Today, allow me to explain the opening passage of the Gospel: “I am the bread of life,” Jesus said. Bread is a staple part of the diet of the Jews; as rice is to us. Bread dominates the Jews’ dining tables, but it is slowly taking over the Filipino breakfast menu. A staple food is one that is eaten regularly and in such quantities as to constitute the main part of the diet, and supplies majority of the energy and nutrient we need. Statistics have it that three specific species of grass, supply about half of our intake: wheat, rice and corn. They can all be baked into bread. These specific ‘grasses’ generally give us life. Thus, the image of the bread comes from something that is ordinary to us: that which we encounter regularly but also the most needed daily.
In the same manner, when we say Jesus is the bread of life, it means that Jesus sustains us daily, nourishing our souls and giving us strength.
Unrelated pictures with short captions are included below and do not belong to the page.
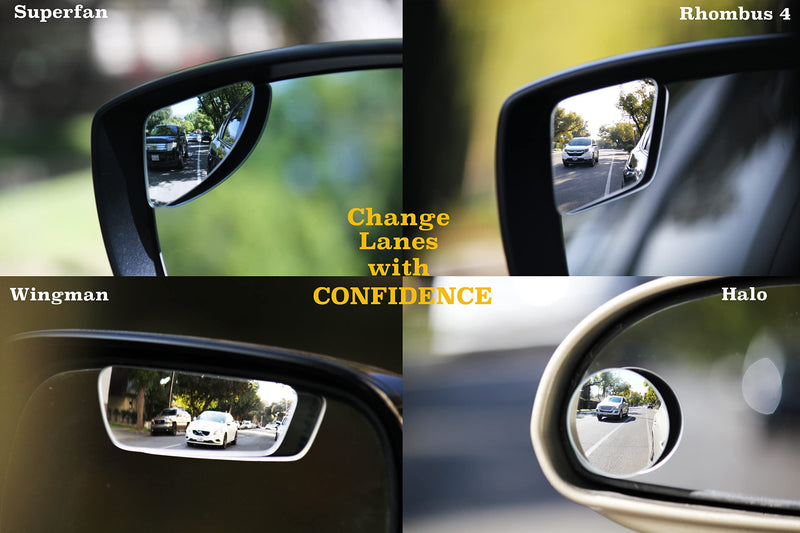 Blind Spot Mirrors for Cars - by Safe View Company - Change Lanes w Confidence - Made from Real Convex Glass - Long Lasting - Easy Peel & Stick (Superfan) Superfan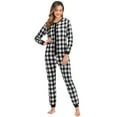 thumbnail image 4 of DHFJKG Flannel Plaid Pajamas For Women Jumpsuit Snug Fit Long Sleeve Button Down Onesie Loungewear Suit Fall Winter Soft Nightwear, 4 of 4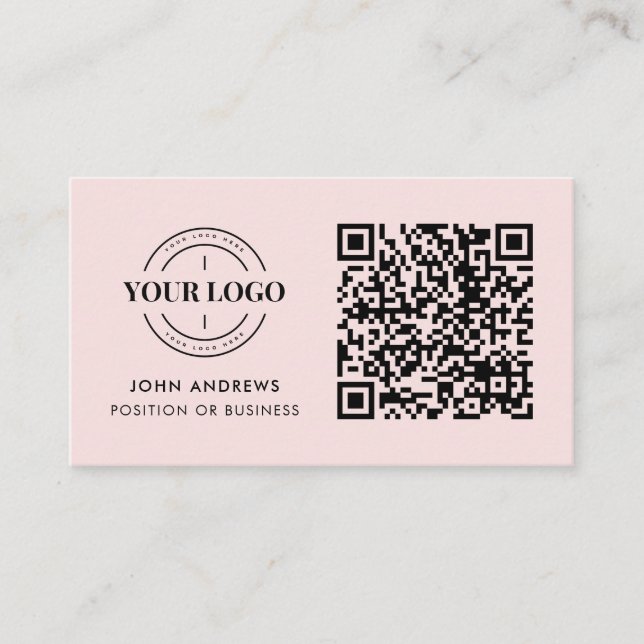 QR Code Business Logo Professional Blush Pink Chic Business Card (Front)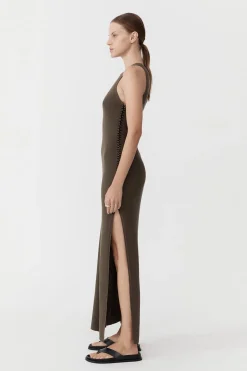 St. Agni Stitch Detail Dress - Kelp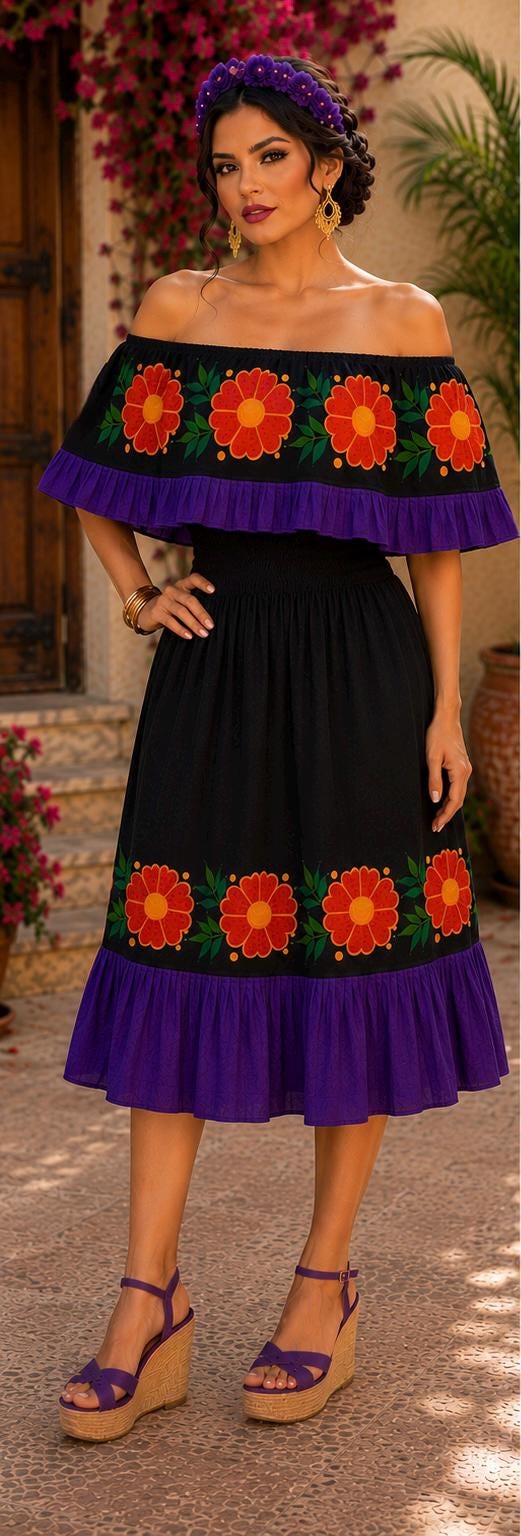 Image of Katrina - Authentic Mexican Embroidered Dress | Black & Purple Floral Folk Art Fiesta Wear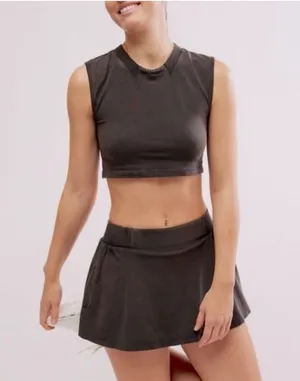 Free People FP Movement Hot Shot Skort Set In Washed black Size XL‎ thumbnail 1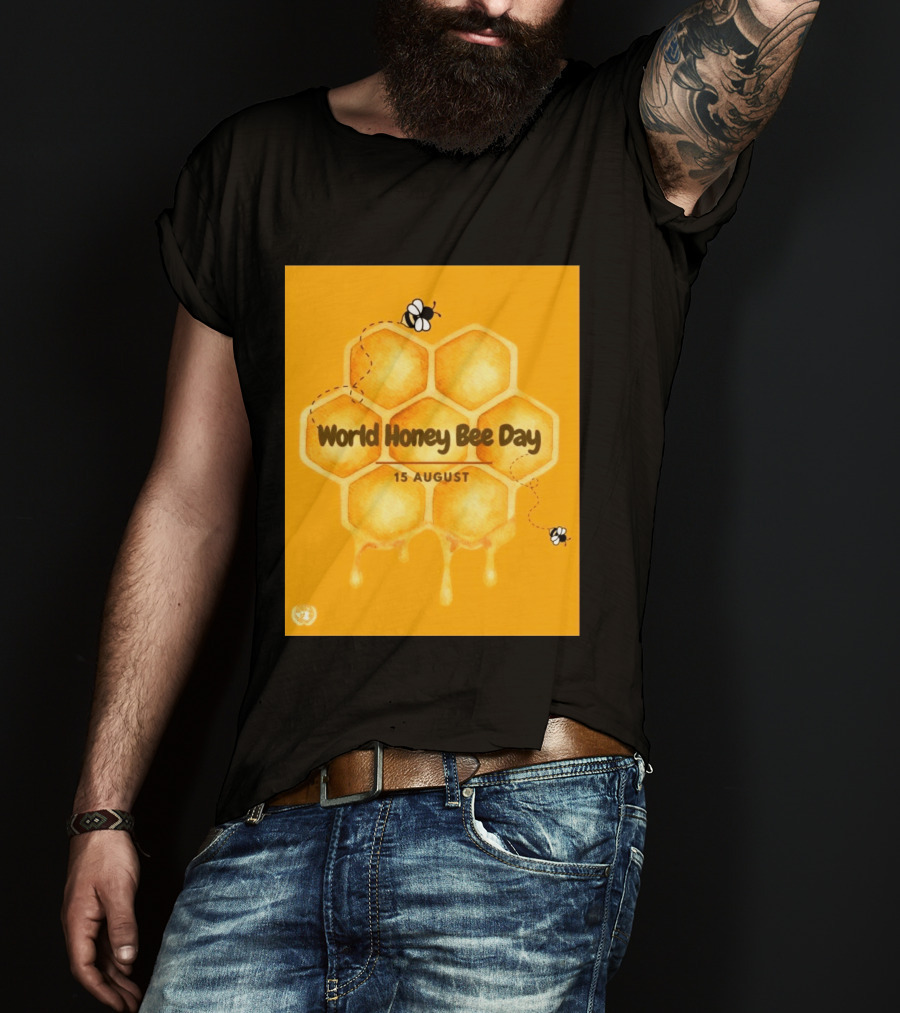 World Honey Bee Day 15 August Honeycomb T-Shirt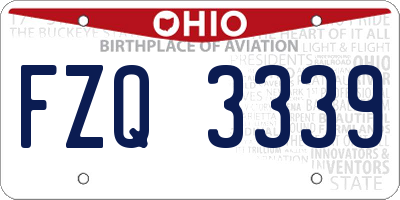 OH license plate FZQ3339
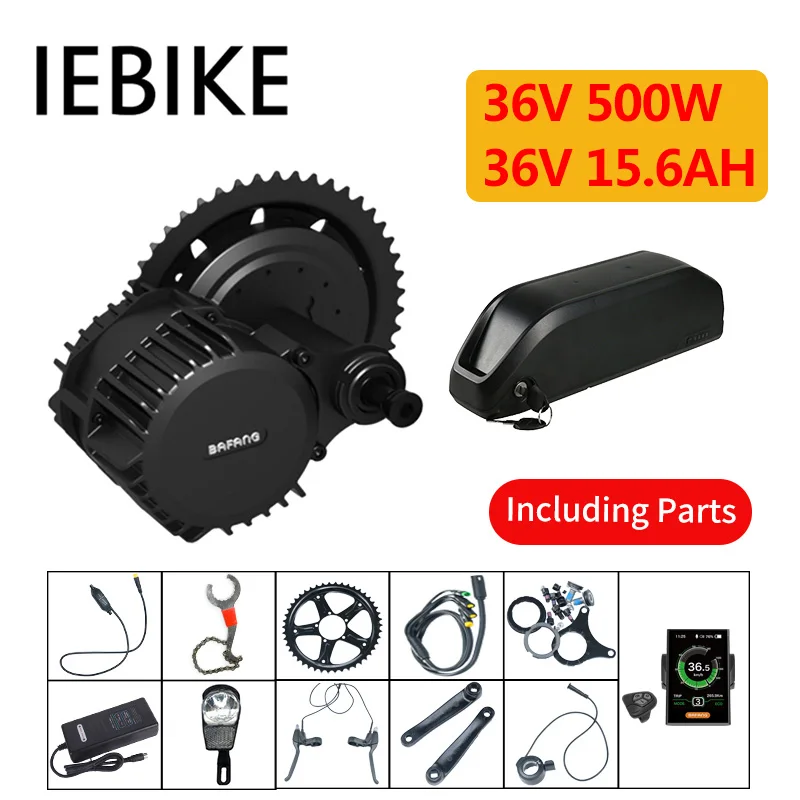 36V500W Bafang BBS02 бесщеточный мотор среднего привода комплект для преобразования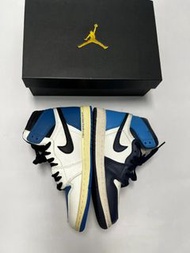 Travis Scott x Fragment x Jordan Air Jordan 1百搭減震防滑男女同款藍白黑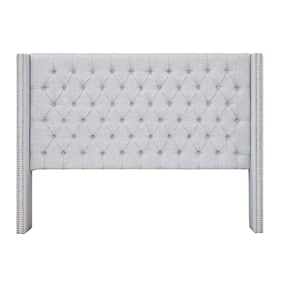 Olliix Madison Park Amelia Grey Queen Upholstery Headboard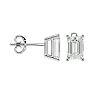 1 1/2 Carat Emerald Shape Moissanite Stud Earrings In Platinum Image-3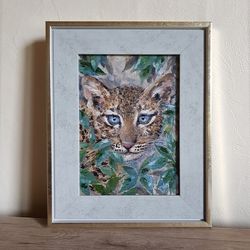 Original Small Oil Painting in a frame under glass little leopard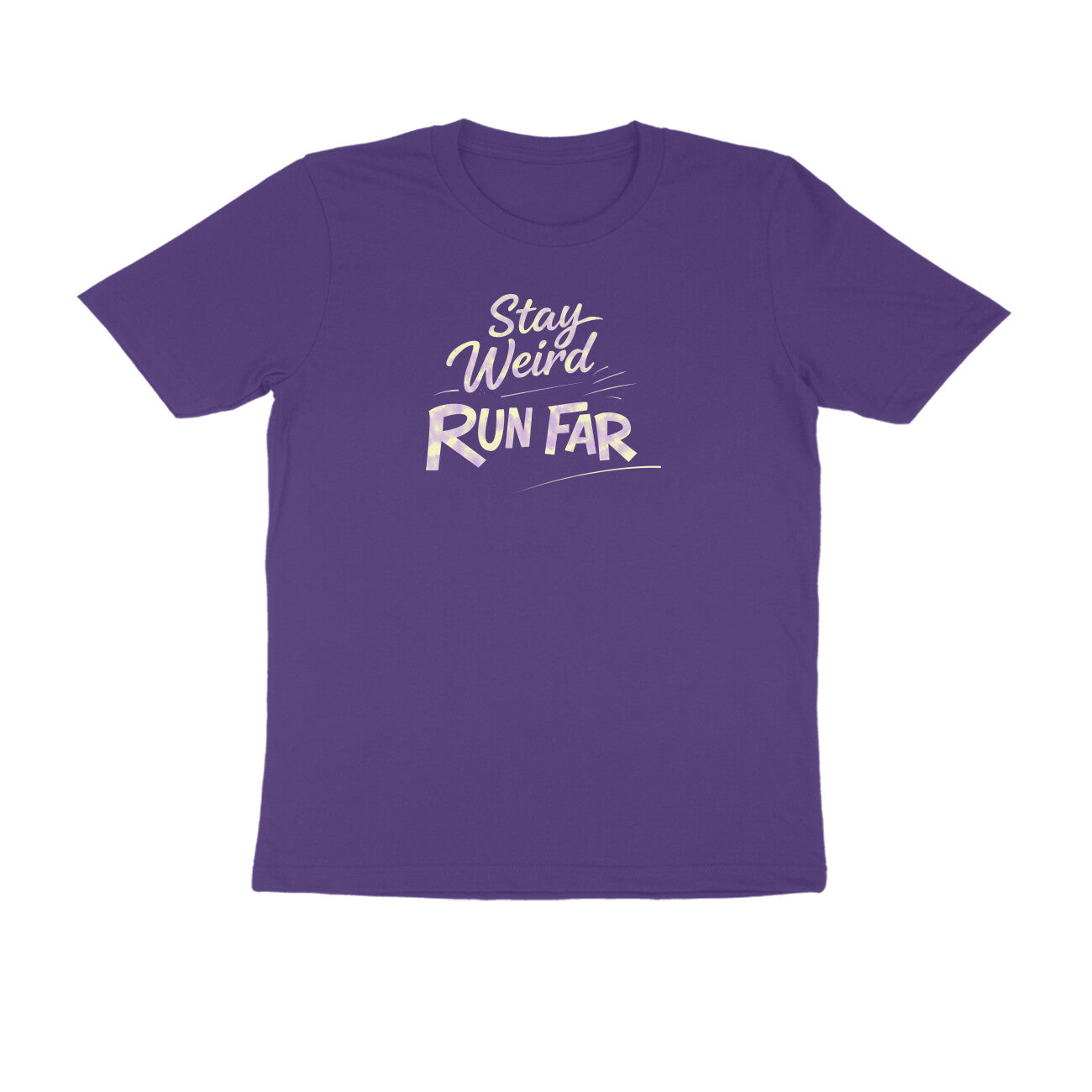 Stay Weird Run Far graphic printed men's t-shirt in purple color - front view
How? We come to church to be nourished. When we are lonely, we know that our family and friends cannot fully satisfy our infinite need to be with someone. But Christ can be present to us wherever we are. When we are anxious and afraid, we know that no one can assure us — except God. That is why we need to hold on to something we associate with God like a cross or a rosary. It is not the ‘object’ itself but that object reminds us of God who gives protection. When we fail in our exams, we run to the church and ask God to give us hope. A faith that has depth will even realize that all that we are, have or use, comes from God.
The fact that rice is a staple food does not depend on our acceptance — we just eat it. The same way with Christ. Christ showers us with every good thing. This fact does not depend on us. In another Gospel, it says, “God sends rain both for the young and the old.” It does not depend on whether we have been good or bad, or whether we accept Christ or not. Thus, the statement that Jesus is the bread of life does not depend on any student who doesn’t believe: Jesus is not impaired from service.